BTWN reunited Bowie with co-producer Nile Rodgers, who worked with DB on the excellent and super commercial ‘Let’s Dance’ - and this work comes across as Let’s Dance’s eccentric older cousin.  It’s horn heavy, dance-able & strange and the songs (at least the originals, there are a handful of covers that are successful to varying degrees) beat up just about anything in Bowie’s output the previous decade. DB’s involvement as musician/producer on this record is greater than on any since the end of his ‘classic’ period (ending with 1980’s Scary Monsters).  He contributes not only most of the songs (with solo writing credits), but guitar work and some pretty fine sax solos on the majority of tracks.
 
This record has been seen by some as a love letter to then-new bride Iman, and this idea is certainly backed up by the opening and closing tracks, ‘The Wedding’ and ‘The Wedding Song’ [same song, really, the former an instrumental, the latter with lyrics (in a typically-Bowie self-referencing way, this recalls a similar arrangement between the opening and closing numbers ‘Scary Monsters,’ It’s No Game pt.’s 1 & 2)].  ‘The Wedding’ is a fantastic opener, and right away establishes an important sonic element to the entire album: The Groove.

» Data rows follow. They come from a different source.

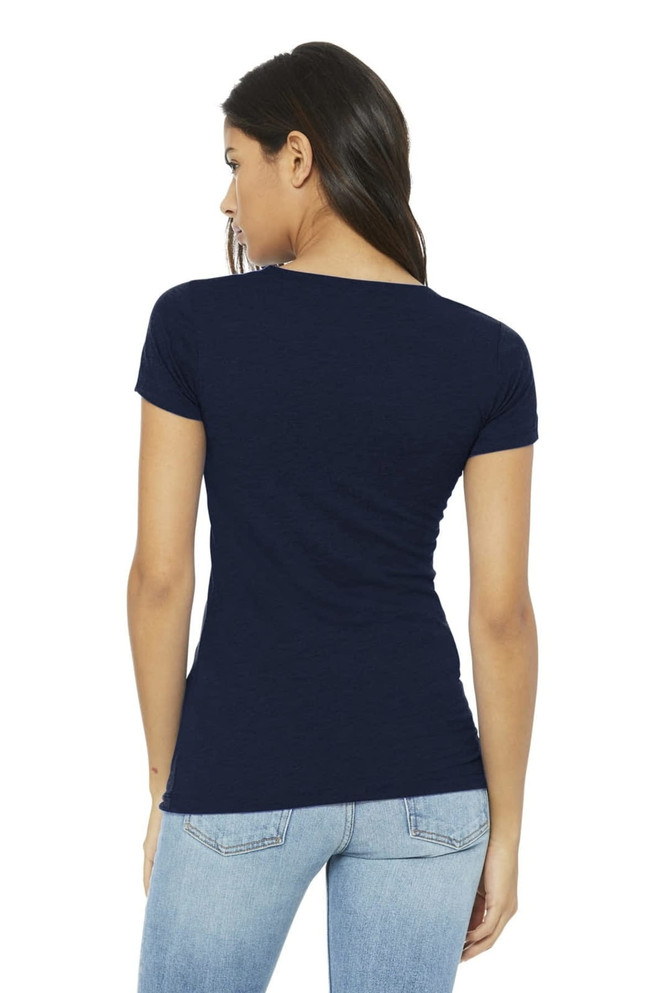 A back view of a woman wearing a navy blue t-shirt, styled with fitted jeans. The shirt features a logo.
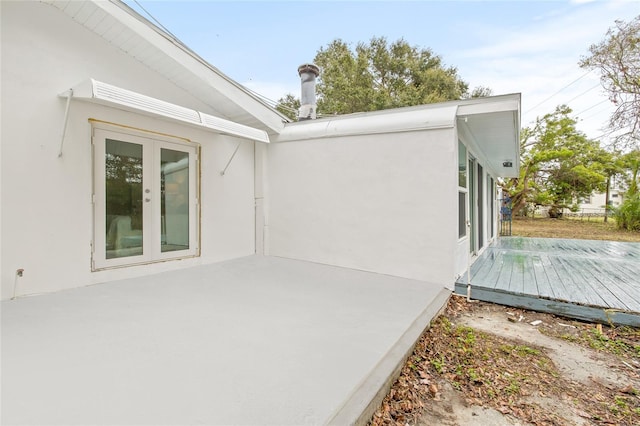 view of side of home featuring a deck and french doors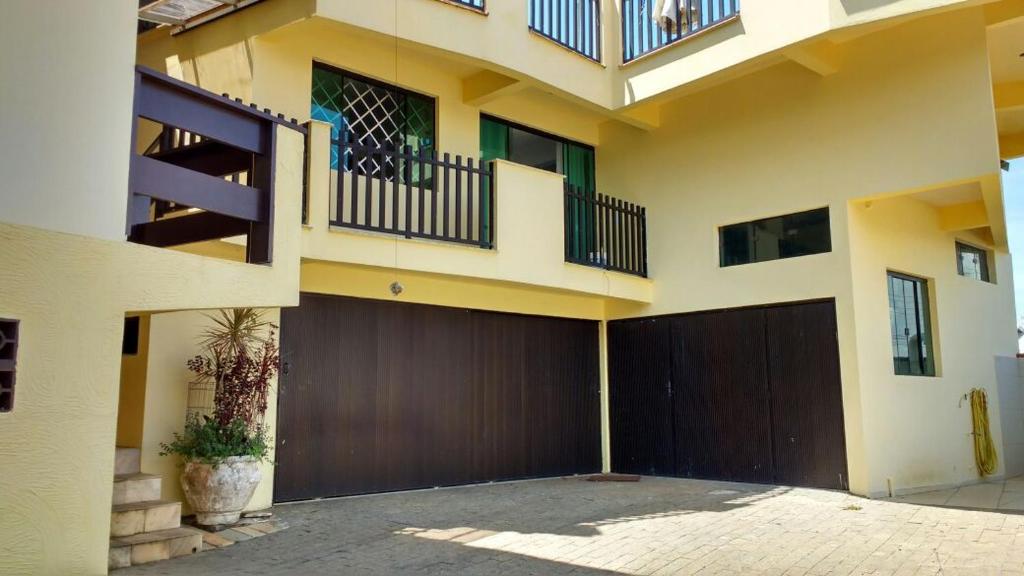 a large house with a garage and a balcony at Canto da Praia in Itajubá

A minor sin: the sequencing slips a bit with the next couple of tracks, a re-recorded Tin Machine hold over, ‘You’ve Been Around’, a groove-y but otherwise unremarkable cover of Cream’s ‘I Feel Free’ and the LA race riots-inspired title track, but what follows is extraordinary stuff. 
 
The sequence beginning with ‘Jump They Say’ (possibly the greatest forgotten single of DB’s  - see above video), and progressing through an excellent cover of Scott Walker’s ‘Nite Flites,’ the pulsing, chanting club dub of ‘Pallas Athena’ through the playful chirp of single ‘Miracle Goodnight’ (I dare you not to hum this song for the rest of the day after hearing it) - I’d put this four song sequence up against any in his catalog and it would hold its own - seriously!
 
The last third of the album consists of the pretty ‘Don’t Let Me Down and Down’ (honestly, this album may include the highest concentration of straight up love songs - and there’s 2 - in DB’s catalog) and the lounge-dance of ‘Looking For Lester’ featuring a call and response duet between the great trumpet work of Lester Bowie and David’s own saxophone - nothing quite like it in the oeuvre. A schmaltzy cover of Morrissey’s ‘I Know It’s Gonna Happen Someday’ follows and the album closes with the aforementioned ‘Wedding Song’ - a gorgeous ballad that puts a heart-shaped exclamation point on what is, though perhaps a tad dated, still a fine, fine album with a few songs that I feel are among his best. 
 
There would be even better material in the not so distant future, but this was a great start to a new decade, which saw more and more artists coming out of the woodwork, acknowledging Bowie’s influence and hailing their hero’s return to inspired music-making.